I should've just stayed at home, I wish I was at home in some ways. I wish that home was safe but it really isn't, I think that's why I decided to leave because I knew in the long run it would be so much better. I wish I could put my brother to bed just like I used to and kiss his forehead before closing his door knowing that he was safe whilst I took as many batterings as it took till my parents gave in. Making my brother happy that mattered most.

I wish I was happy and I thought that escaping would give me a way out but it's just causing more and more problems. Why can't life ever be genuinely easy?

"Haven?" Maggie asked again.

I shook my head at her, I forgot that I forgotten to answer her question, infact I forgot that she'd even asked me a question in the first place but oh well I guess my brains gone a little funny.

Billie was scheming a plan on how to get me out of the kitchen but all I cared about was the fact that I hadn't even finished my food. I mean in some ways I didn't care but in some ways I did.

I guess I'm just an indecisive person but I mean isn't that obvious by now.

"Yes she did lose consciousness, no she didn't hit her head." Maggie told the person on the other end of phone.

It was clear to see that she was visibly getting agitated with them and I don't blame her, the person on the other end had been asking millions of questions. No doubt very annoying questions, I swear people always ask useless questions.

"Ok thankyou, bye." Maggie said before hanging up the phone.

Billie stood up and moved over to me, Maggie had just given her some sort of look so I'm guessing they're telepathic or something.

"Let's get you off the cold floor." Billie said to me.

"I'm going to hold you up and then I'm going to put you on a chair from Finneas's room and wheel you into my room so you can relax and take a nap." Billie told me.

Finneas?
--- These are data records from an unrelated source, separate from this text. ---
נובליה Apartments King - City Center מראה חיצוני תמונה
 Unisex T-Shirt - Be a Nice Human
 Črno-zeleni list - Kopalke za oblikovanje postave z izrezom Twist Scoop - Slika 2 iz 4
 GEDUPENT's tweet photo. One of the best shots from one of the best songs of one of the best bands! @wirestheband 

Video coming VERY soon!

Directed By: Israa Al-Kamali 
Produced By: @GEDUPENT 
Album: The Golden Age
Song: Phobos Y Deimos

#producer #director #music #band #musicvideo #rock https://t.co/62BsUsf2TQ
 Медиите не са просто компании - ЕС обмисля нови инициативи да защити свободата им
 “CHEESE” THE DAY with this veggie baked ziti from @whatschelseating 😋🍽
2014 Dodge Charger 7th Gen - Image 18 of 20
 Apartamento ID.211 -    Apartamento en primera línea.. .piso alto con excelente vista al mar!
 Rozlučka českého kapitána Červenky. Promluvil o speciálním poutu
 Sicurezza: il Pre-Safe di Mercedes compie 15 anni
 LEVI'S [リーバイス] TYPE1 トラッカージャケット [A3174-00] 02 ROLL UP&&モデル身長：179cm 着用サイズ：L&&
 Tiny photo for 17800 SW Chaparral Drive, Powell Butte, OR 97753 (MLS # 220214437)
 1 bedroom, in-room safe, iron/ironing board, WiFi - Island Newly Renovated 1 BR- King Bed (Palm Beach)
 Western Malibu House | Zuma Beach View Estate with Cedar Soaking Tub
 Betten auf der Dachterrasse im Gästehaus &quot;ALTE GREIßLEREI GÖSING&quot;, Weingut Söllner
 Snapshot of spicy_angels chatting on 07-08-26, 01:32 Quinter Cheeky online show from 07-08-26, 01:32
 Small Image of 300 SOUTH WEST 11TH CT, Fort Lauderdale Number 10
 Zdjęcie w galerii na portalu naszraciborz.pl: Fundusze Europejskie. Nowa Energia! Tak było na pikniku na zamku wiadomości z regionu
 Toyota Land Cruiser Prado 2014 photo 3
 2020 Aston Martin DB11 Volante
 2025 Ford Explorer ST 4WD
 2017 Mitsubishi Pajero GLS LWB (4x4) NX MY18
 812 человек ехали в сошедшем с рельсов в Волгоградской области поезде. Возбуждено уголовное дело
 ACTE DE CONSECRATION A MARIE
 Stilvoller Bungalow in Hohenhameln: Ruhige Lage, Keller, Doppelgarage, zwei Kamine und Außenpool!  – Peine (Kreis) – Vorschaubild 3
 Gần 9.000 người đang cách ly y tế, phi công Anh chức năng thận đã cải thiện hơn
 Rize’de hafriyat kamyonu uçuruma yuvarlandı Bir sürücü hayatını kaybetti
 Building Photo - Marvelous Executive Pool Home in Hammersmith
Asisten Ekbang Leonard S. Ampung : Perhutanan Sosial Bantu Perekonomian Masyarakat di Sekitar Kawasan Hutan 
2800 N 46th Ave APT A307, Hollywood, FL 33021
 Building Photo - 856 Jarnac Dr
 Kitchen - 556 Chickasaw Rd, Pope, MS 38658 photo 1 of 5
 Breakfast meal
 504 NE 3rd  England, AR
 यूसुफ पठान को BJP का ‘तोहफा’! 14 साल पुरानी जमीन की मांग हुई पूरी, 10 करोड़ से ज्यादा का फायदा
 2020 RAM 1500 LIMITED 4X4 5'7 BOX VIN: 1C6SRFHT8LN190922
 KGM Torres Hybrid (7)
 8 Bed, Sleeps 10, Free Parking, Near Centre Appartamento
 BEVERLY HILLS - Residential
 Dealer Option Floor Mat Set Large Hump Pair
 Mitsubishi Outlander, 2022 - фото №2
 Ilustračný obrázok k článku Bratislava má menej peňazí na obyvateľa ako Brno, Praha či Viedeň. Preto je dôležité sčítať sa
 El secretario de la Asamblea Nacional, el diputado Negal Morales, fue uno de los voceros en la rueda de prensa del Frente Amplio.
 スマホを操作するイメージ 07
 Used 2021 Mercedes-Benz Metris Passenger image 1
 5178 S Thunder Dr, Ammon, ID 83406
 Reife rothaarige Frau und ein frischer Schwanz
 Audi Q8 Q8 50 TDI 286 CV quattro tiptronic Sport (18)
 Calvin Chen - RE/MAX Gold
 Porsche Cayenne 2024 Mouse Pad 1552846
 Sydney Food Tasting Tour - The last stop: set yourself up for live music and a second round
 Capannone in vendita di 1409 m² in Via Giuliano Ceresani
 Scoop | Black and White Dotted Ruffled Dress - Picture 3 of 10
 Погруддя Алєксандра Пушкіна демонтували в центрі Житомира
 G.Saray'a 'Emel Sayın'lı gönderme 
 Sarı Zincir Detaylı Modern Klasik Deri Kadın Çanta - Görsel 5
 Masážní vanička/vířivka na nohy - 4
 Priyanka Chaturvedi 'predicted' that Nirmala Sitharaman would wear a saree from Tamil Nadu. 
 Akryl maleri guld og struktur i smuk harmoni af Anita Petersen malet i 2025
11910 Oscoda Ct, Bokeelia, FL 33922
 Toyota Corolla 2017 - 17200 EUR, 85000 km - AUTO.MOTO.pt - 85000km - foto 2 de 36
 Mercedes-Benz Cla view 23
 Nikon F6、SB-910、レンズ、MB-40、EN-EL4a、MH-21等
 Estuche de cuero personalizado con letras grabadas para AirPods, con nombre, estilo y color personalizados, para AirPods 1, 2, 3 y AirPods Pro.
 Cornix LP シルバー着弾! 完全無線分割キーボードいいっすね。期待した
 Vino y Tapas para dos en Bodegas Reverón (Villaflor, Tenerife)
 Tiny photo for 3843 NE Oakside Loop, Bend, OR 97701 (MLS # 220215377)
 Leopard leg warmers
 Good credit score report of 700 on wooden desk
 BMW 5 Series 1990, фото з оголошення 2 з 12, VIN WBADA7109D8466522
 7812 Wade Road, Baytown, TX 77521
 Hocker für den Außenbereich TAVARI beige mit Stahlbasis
Who's Finneas? Billies never told me about him before, I'm acting like I've known her for years when in reality I've known her for less than a day.

She left to go and get the chair from Finneas's room, I can't lie her plan is kind of smart. It's smart to wheel me to her room, the nap part just isn't going to happen and neither is the relaxing part. I have yet to tell them that I've stopped taking my meds, but that can't be why I had that episode right? I mean I don't think it could be the affect of going cold turkey on my meds but then again I'm not a doctor and I'm not claiming to be.